Feedback. There's a paradox in medical practice. Surgeons almost invariably become better and better with time but, statistically, radiologists become worse: their diagnosis shows more mistakes the more experienced they are. What explains that is feedback; while surgeons get immediate feedback, radiologists write a diagnosis that is send to the doctor, who then may or may not circle back to the radiologists. For funders feedback is as necessary as it is problematic. Too many times grantees will tell funders what they want to hear. To be blunt, honest and objective feedback is a rare commodity in the foundation world. And yet, feedback is vital. Funders need to encourage open relations with grantees and community stakeholders in which honest and timely feedback is appreciated and encouraged. If the perception is that honest feedback is penalized, we all lose.
Self-criticism. The great basketball players never believe they have a 'streak' or a "hot hand". They will always be critical and they'll be focus on the mistakes they made in the game. Positive self-criticism is key. Being self-critical in the funding world is hard because funding is about personal virtue. And yet, if we are to be great strategic funders, we need to make sure that we regard our work with humility and are lovingly critical about everything we do. Funders are regularly honored, praised and flattered. We can't let that cloud our self-criticism.

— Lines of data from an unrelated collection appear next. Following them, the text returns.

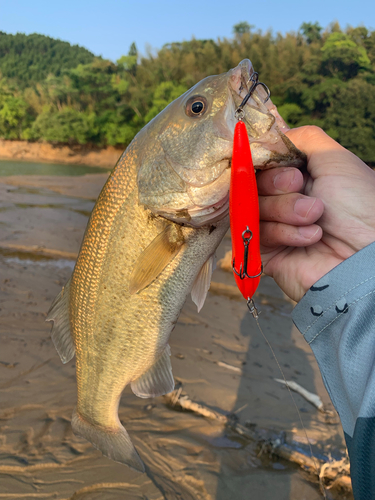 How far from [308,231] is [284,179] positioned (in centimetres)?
28

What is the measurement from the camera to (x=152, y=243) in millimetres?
1765

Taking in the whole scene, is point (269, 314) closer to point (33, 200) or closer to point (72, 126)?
point (33, 200)

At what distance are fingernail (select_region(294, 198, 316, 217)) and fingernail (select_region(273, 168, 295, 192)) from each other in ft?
0.31

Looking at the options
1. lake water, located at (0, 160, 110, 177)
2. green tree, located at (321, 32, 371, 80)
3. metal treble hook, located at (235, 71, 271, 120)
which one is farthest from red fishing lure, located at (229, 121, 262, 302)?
green tree, located at (321, 32, 371, 80)

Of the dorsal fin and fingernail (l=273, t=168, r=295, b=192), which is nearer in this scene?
fingernail (l=273, t=168, r=295, b=192)

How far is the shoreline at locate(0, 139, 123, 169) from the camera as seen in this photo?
42500 millimetres

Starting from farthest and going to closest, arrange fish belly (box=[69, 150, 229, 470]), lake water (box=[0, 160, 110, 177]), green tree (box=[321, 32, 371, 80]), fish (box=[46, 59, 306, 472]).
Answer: green tree (box=[321, 32, 371, 80]) < lake water (box=[0, 160, 110, 177]) < fish belly (box=[69, 150, 229, 470]) < fish (box=[46, 59, 306, 472])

Intelligent evaluation. Too often we see evaluation as a threshold rather than a lever of change. We've learned to collect data, but we fail to act on it on a deliberate way. The funding world has made great strides towards evaluating and measuring, but now, we need to align evaluation to motivate and achieve specific goals. We need to hard-wire the evaluation into our deliberate practice system.

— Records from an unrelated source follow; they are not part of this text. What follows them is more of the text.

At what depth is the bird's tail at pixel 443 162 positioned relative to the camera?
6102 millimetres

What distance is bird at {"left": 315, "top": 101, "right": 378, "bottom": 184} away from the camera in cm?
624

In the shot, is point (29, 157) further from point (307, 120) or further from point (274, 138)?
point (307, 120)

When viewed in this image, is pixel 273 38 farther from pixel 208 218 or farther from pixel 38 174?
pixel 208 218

Effort. When I mentioned these ideas to an amateur golfer who was — in my opinion — deep in the plateau he said "you may be right, but I play for fun and what you say is a lot of work". He is right. Deliberate practice takes a lot of conscious effort, it can be exhausting and it may take the fun out of the game. And it never ends because we can always be better. The effort though, is generally rewarded when we become truly great and we leave mediocrity behind.
Passion and persistence. This is key. Effective practice takes a lot of effort, and it won't work if we don't have the passion and the persistence to do it. It's hard to be passionate about typing, and that's why probably very few typists are going to attain the 200 words a minute that Pitman promised. But we're lucky, because it's much easier—and rewarding—to be passionate about the work we do. If we believe that our funding can change the world, our passion to be great at it is not simply a desire but a necessity.